Federico García Lorca’s burning writing bears witness to a fervent need for love and collective liberation — as if the words themselves were trying to escape the page. As he wrote in 1935:
“Theatre is poetry that goes beyond the book to become human.”
Avant-gardist, insubordinate, eternally in search of meaning and justice, Lorca is the poet of all peoples — always on the side of the defeated, the banished, the marginalized. His language stands at the crossroads of cultures and social layers. It calls for togetherness, for intimacy, for shelter.
To approach his writing without passing through the body seems impossible.
The Body as Threshold
For four full days, we will explore the physicality of his language — tracing the sensations it awakens, identifying zones of vibration as well as areas of resistance. Where does the impulse surge? Where does it hold back? What in us dares, and what in us censors?
Lorca’s major plays revolve around unconsummated, forbidden, or frustrated desire.
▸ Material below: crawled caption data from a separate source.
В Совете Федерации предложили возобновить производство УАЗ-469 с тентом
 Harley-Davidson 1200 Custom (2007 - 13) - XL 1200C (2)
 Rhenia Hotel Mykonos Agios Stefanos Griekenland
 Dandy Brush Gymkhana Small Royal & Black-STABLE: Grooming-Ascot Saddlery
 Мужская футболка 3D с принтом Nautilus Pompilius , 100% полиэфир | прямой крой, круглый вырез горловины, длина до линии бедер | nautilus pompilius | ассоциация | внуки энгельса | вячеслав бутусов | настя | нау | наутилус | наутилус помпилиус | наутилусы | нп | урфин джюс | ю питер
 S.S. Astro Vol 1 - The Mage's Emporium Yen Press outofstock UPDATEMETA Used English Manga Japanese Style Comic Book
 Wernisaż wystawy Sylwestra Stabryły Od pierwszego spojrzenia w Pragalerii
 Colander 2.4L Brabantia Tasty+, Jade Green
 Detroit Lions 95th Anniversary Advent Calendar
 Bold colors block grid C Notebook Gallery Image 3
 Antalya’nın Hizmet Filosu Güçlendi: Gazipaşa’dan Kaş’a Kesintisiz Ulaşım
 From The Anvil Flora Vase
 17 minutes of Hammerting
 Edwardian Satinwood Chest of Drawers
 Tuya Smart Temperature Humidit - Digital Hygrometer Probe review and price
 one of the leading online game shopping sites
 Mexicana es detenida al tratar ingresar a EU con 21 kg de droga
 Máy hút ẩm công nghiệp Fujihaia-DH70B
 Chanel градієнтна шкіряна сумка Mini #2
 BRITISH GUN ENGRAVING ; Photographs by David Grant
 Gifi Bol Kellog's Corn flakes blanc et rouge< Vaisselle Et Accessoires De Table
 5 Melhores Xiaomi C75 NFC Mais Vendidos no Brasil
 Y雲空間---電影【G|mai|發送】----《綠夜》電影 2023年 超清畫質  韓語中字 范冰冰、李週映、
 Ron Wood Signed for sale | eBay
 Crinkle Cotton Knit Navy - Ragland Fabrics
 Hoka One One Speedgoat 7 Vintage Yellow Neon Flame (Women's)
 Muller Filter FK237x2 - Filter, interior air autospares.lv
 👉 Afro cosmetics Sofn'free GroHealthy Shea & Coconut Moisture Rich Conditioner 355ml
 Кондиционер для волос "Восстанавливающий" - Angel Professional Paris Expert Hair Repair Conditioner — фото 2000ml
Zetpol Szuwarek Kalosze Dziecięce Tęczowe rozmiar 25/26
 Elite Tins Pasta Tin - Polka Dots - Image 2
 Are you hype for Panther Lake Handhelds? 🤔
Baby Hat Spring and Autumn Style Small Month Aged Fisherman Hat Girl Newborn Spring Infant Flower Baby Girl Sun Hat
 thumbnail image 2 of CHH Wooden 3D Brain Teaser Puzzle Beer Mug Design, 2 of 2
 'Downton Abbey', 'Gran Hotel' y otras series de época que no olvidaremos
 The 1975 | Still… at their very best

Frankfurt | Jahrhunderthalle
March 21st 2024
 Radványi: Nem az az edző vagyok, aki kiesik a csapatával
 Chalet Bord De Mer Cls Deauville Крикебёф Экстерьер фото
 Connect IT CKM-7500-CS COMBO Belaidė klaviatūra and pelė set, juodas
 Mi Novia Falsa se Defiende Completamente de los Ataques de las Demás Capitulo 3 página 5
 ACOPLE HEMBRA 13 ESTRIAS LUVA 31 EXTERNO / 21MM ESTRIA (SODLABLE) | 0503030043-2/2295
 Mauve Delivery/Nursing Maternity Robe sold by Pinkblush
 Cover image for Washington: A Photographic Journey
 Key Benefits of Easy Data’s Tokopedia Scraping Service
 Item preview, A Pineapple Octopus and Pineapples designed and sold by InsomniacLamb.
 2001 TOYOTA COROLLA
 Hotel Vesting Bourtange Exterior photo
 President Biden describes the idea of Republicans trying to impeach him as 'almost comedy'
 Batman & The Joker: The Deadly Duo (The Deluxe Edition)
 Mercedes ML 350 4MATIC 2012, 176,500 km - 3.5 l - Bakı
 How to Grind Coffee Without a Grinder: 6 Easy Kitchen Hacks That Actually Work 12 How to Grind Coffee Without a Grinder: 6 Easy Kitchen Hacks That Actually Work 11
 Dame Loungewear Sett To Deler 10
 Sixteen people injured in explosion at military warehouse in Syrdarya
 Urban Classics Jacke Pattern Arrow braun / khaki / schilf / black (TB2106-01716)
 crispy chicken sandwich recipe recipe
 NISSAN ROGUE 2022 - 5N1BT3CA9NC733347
How do we embody the tension of a chimerical love — torn between desperate outpouring and contained restraint? How do we perform the impossible?
In this exploration, resistance is not an obstacle but raw material. We will investigate how to ally with inner resistance and transform it into fuel. The body will be invited to exult in its vibrant presence, restoring vulnerability and failure to their rightful — even gilded — place within a humanity obsessed with success.
Might unconsummated love not hold the power to remain forever untouchable, forever sacred?
“The day we stop resisting our instincts, we will have learned how to live,” Lorca says. His poetry offers a fierce and generous ground for the work we cultivate at the Physical Lab: presence, availability, clarity of impulse, and embodied imagination.
Together, we will dive into the unknown and follow our inner fire.